Stochastic quantum thermodynamics, entropy production, and transport properties of a bosonic system.

机构信息

Instituto de Física, Universidade de São Paulo, Rua do Matão 1371, 05508-090 São Paulo, São Paulo, Brazil.

出版信息

Phys Rev E. 2018 Jan;97(1-1):012105. doi: 10.1103/PhysRevE.97.012105.

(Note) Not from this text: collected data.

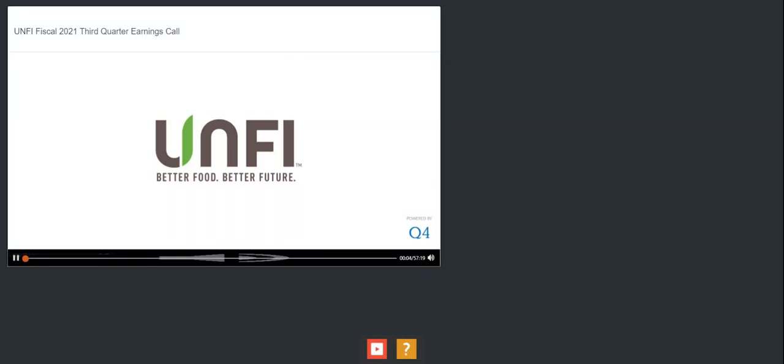Ladies and gentlemen, thank you for standing by and welcome to the UNFI Fiscal 2021 Third Quarter Earnings Conference Call. At this time, all participants are in a listen-only mode. After the speaker's presentation, there will be a question and answer session. To ask a question during the session, you'll need to press star 1 on your telephone. I'd now like to hand the conference over to Mr. Stephen Blomquist, Vice President, Investor Relations. Please go ahead.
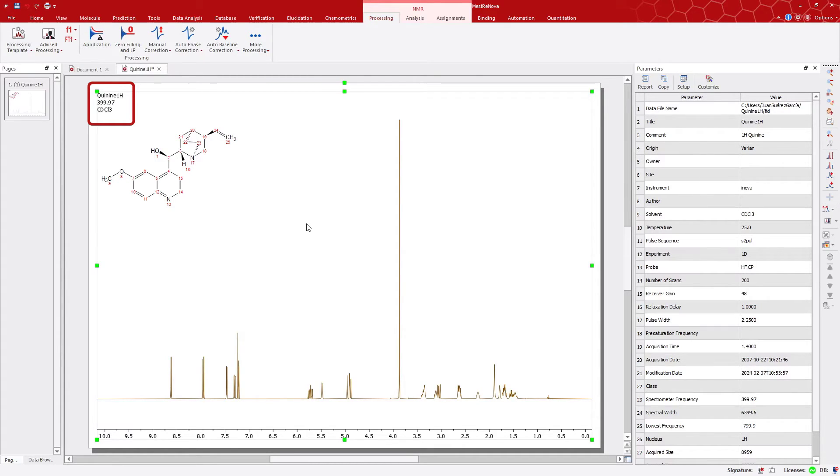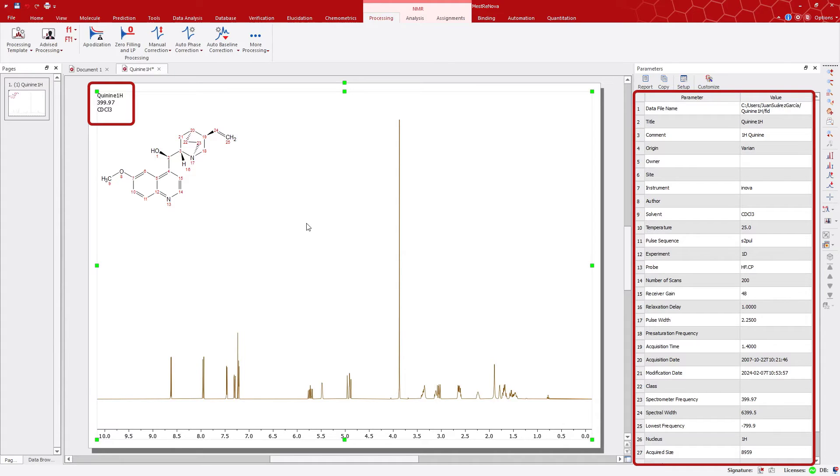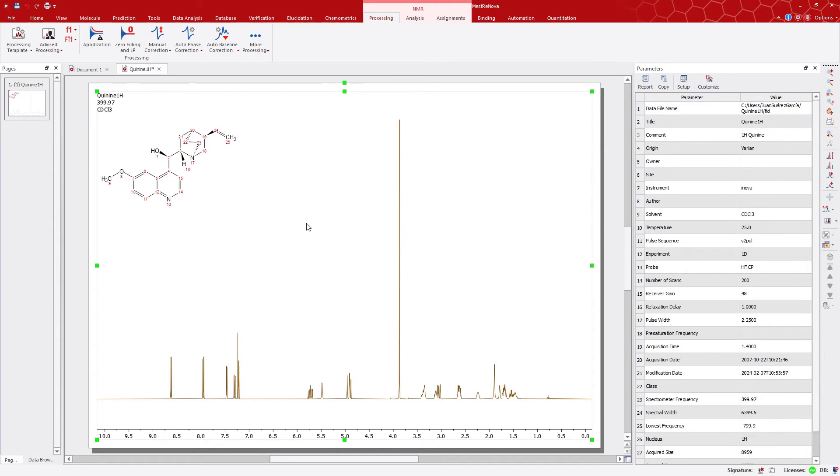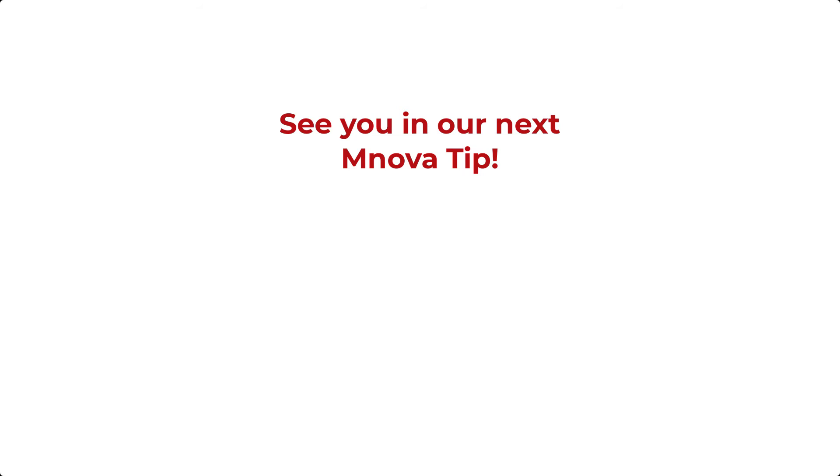Feel free to replicate this for any other parameters you wish to display on your spectrum. Thank you for your attention, and stay tuned for more MNOVA tips.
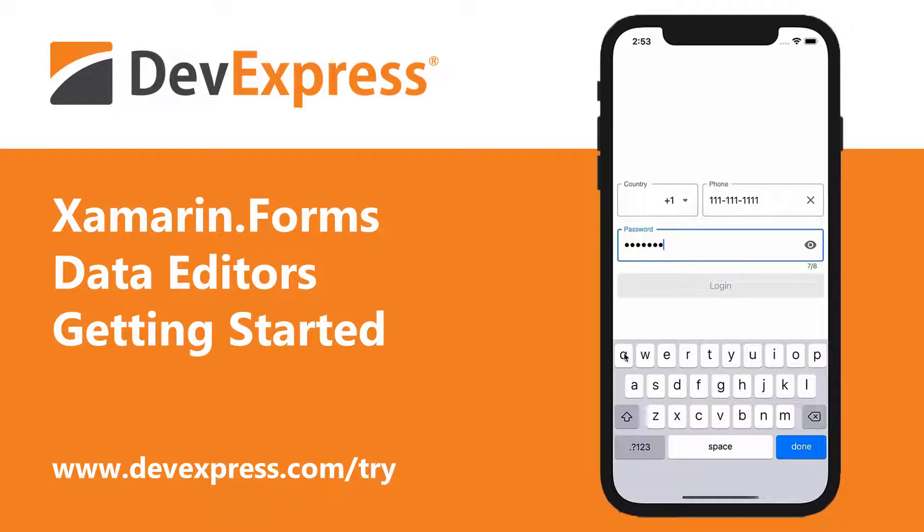This video shows you how to get started with the DevExpress Data Editors for Xamarin Forms. You'll build a simple login form with a combo box, a masked input, and a password editor.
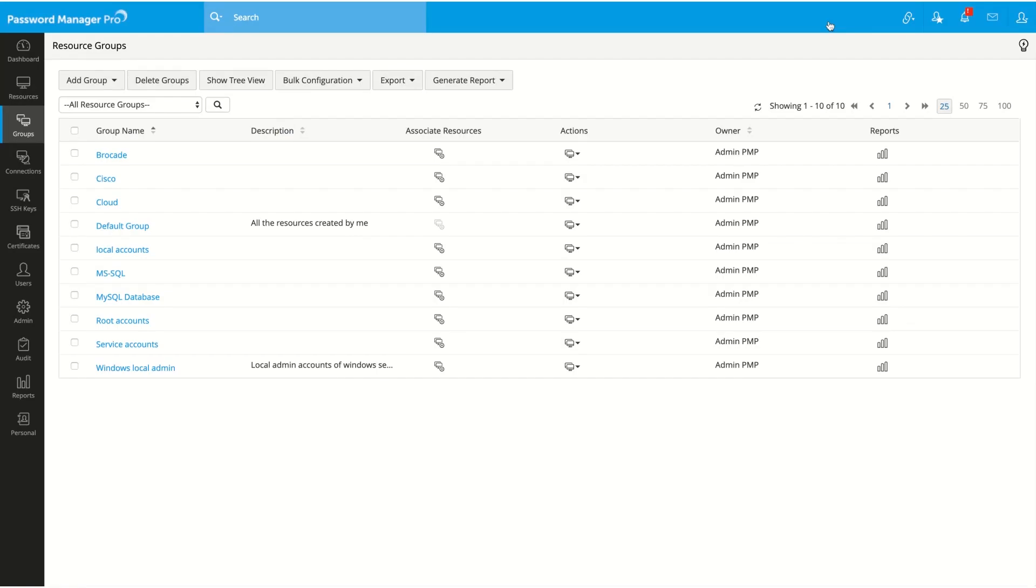I hope you enjoyed this quick tutorial on creating a criteria-based dynamic resource group in Password Manager Pro. If you have any lingering questions, you can always refer to our help guide or reach us at support at passwordmanagerpro.com.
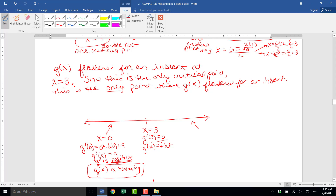Then at x equals 3, g of x is flat for an instant. So g of x must be going up, up, up, and by the time it gets to 3, it's flat — so it looks like it could potentially be a maximum. But it would only be a maximum if it now starts to decrease after x equals 3. If it were to continue increasing after x equals 3, it wouldn't be a maximum. So we have to test on the right side of x equals 3.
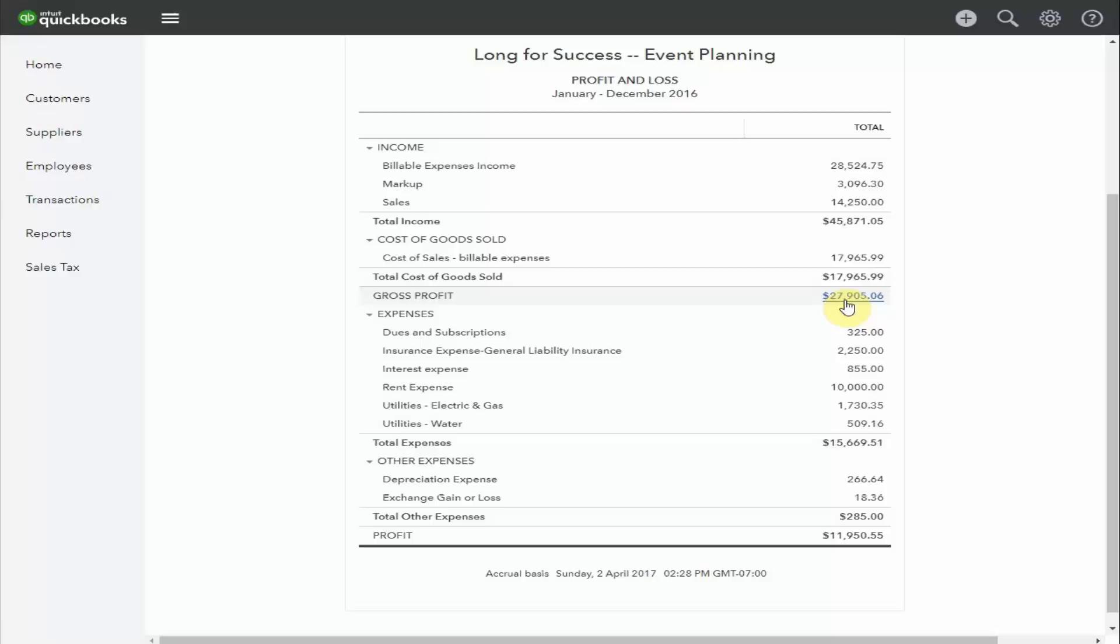If you cannot cover your expenses, which is what we're going to look at next, or you're not making enough profit overall, this is an area that you can look at. Perhaps you're not charging enough money for your services.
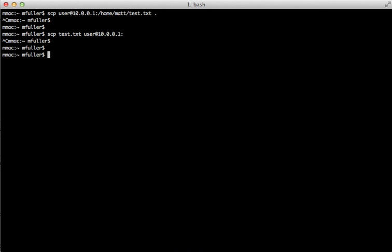Alright, now let's say you want to do directories. You can use a flag of dash r, which will transfer an entire directory, and you can use the same format as what we've just done.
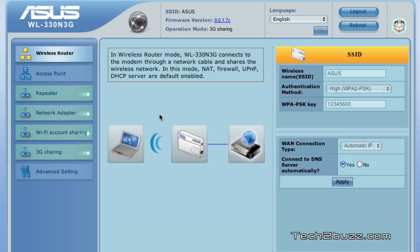You can attach your broadband connection to the Ethernet port and it will become a Wi-Fi router. Whatever functions that are offered are basically displayed over here. Next we have the access point.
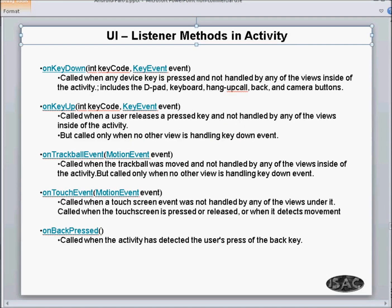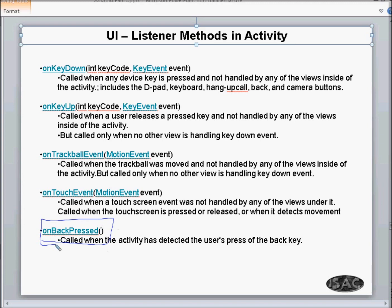These are the various methods you can implement in your activity. One of the most important — and frequently used — is onBackPressed, which is not directly related to clicking. If you want to write a screen where pressing the back button triggers some action, you put that logic inside the onBackPressed method. All of these methods are placed inside the activity itself.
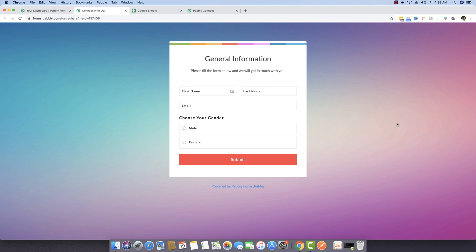In this video, I will be explaining the entire concept of routers or paths. Router is a very amazing feature built inside PablyConnect as it allows you to send different data to a different Google Sheet or different external softwares depending upon what the person chooses.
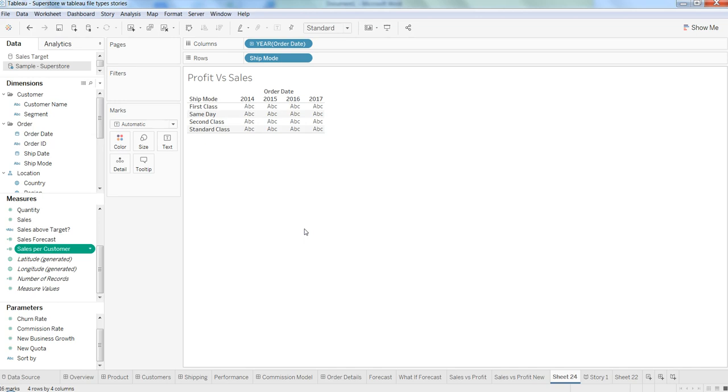For example, we have this order date by year and then we have shipping mode. What we want to know is basically the shipping variance, whether we shipped before the date or shipped after the date.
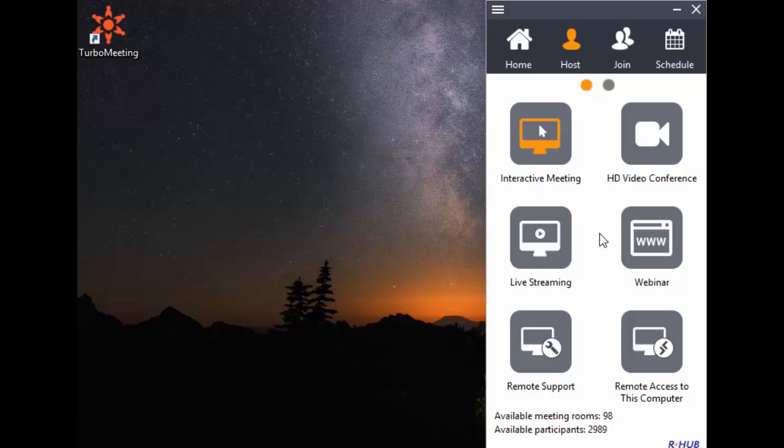The second type is HD Video Conference. This meeting type allows up to 30 webcams to feed into a video conference. It supports up to 1080p HD video and 8 monitors to deliver an HD video conferencing experience.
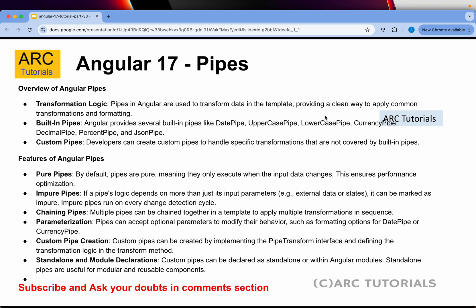You can chain multiple pipes, meaning multiple pipes can be used together. You can also parameterize pipes, which means you can send optional properties or data to a pipe to change the outcome. Just like directives, pipes can be declared as standalone and used within the same component by adding them to the imports array.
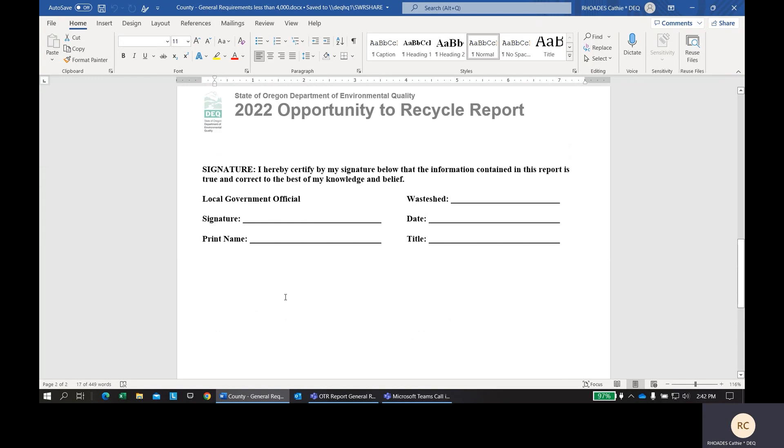When you are done completing your form, please don't forget to have a county official sign it before you submit it back to DEQ. This concludes the instructions for completing the opportunity recycle form for your county. Thank you for listening today and please reach out to your local regional specialist if you have any questions about this form or any questions about your recycling programs. Thank you and have a good day.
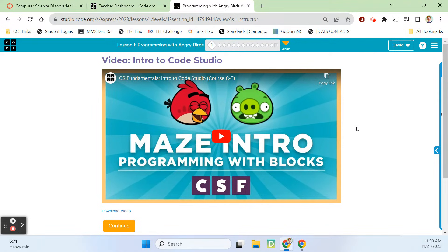Hey guys, it's Mr. Decker, and we're looking at Code.org Express Lesson 1, Programming with Angry Birds. We are going to do the full unit with this playlist, so this is just the first one. We've got a long way to go, but we should probably just go ahead and get started.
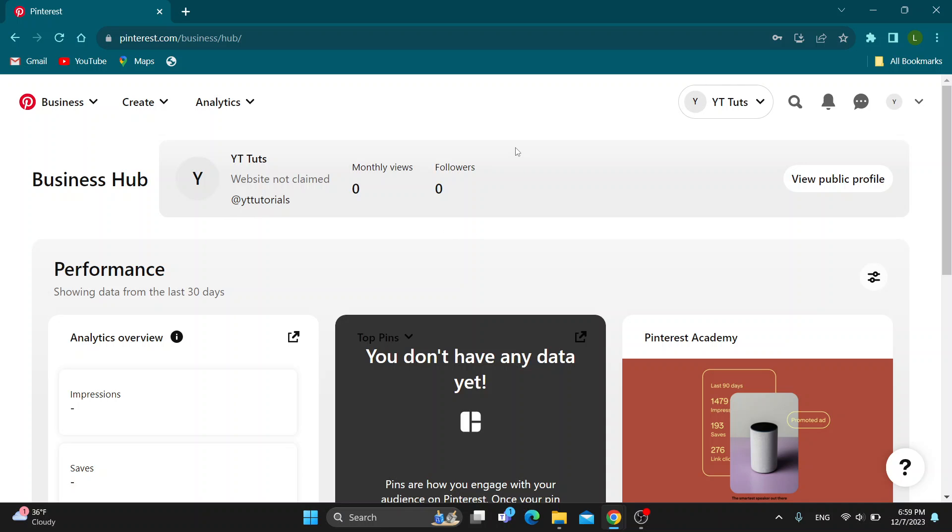To be able to run ads, you want to log into your business account. You can only run ads on your business account, so log into the one where you want to cancel your ads.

DOI:10.1103/PhysRevE.97.012105
PMID:29448462
Abstract

The transport properties of a bosonic chain have been calculated by placing the ends of the chain in contact with thermal and particle reservoirs at different temperatures and chemical potentials. The contact with the reservoirs is described by the use of a quantum Fokker-Planck-Kramers equation, which is a canonical quantization of the classical Fokker-Planck-Kramers equation. From the quantum equation we obtain equations for the covariances of the creation and annihilation boson operators and solve them in the stationary state for small interactions. From the covariances we determine the Onsager coefficients and in particular the conductance, which was found to be finite for any chain size leading to an infinite conductivity and the absence of Fourier's law.

摘要

通过将链的两端与处于不同温度和化学势的热和粒子储库接触,计算了玻色链的输运性质。通过使用量子福克-普朗克-克莱默斯方程来描述与储库的接触,该方程是经典福克-普朗克-克莱默斯方程的正则量子化。从量子方程中,我们得到了产生和湮灭玻色子算符协方差的方程,并在小相互作用下在定态下求解它们。从协方差中,我们确定了昂萨格系数,特别是电导率,对于任何链尺寸,电导率都是有限的,导致无限电导率和不存在傅里叶定律。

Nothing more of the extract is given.